As an employee, would you rather have a specific device for your work or be able to work from your personal device? This question is the driving force behind BYOD culture. According to a survey by MarketsandMarkets, North American adoption rates for a BYOD policy was at 36 percent at the beginning of 2017 and 50 percent by the beginning of 2018.
Thanks to software suites, virtualized desktop infrastructure and other emerging technologies, switching between work devices and personal devices has never been easier. Another study showed that the average worker saved 81 minutes of productivity a week by using a personal device. That’s over 70 hours a year—no wonder the BYOD culture is growing.
While there are numerous collaborative and productivity benefits to a BYOD culture, the use of personal devices does present some risks and challenges. Let’s take a look at how to navigate some of these risks and challenges.
BYOD security is a nuanced process. Companies live in eternal fear of making headlines for a data breach. Allowing more devices to connect to your network and access your data creates a big headache for IT teams. It’s a daunting task to secure all mobile devices on the network, but like we’ve discussed before, mobile security needs to be a priority.

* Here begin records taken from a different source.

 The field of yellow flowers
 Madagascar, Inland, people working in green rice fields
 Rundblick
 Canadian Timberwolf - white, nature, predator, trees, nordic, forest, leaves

Working with a provider to create an effective Mobile Device Management (MDM) plan is key. Creating proactive security measures that enable BYOD programs can help minimize your organization’s risk. There are several viable systems and applications available to help you accomplish your goals. We guarantee that you MDM will become your CIOs new best friend.
Companies should also look into setting up network access control (NAC) tools. Set and implement specific access rules for employee devices depending on their role within the company. Executives have different levels of access than designers, for example. This allows companies to keep their data compartmentalized and secure.
Finally, don’t underestimate the power of employee security training. A Ponemon survey found that 41 percent of SMBs breaches were caused by mistakes made by employees. Creating an employee training program that explains their role cyber security is one of the most effective ways to combat poor passwords, phishing, and accidental exposure.
It is easy for companies to track everything their employee does when they issue their own equipment. Employees want to use their own device at work, but they don’t want their employer to have complete access to their device. How can companies keep their data private without infringing on the privacy of their employees? It’s one of the burning questions when it comes to BYOD culture.
The easiest answer is transparency. Creating a transparent mobile device policy with input from your employees can solve issues before they arise. Tell your employees what they’re allowed to do with their devices—work-issued or personal. Detail what information you will be tracking and collecting. An effective mobile device policy will provide flexibility and protect employee privacy without sacrificing security.
A big problem with BYOD is not everyone has the same device. When a company issues the same piece of equipment to each employee, they know all applications will function the same.
Choose-Your-Own-Device, or CYOD, is a hybrid policy that addresses both the privacy and compatibility challenges in BYOD policies.
Instead of offering one hardware option, companies give their employees a shortlist of pre-approved devices. Companies get a little more control over their private data than they would in a pure BYOD scenario, and employees still get to choose a device that suits them best.
When it comes to compatibility, CYOD puts a finite number on the different types of devices in the mix. A study by Gartner shows that 74 percent of companies already have some CYOD policy, so there is evidence this strategy works.
BYOD culture isn’t going anywhere anytime soon. With the rise of the gig economy, addressing the risks and challenges of BYOD policies is crucial. Without a sound BYOD policy, companies limit their access to the top talent in their niche.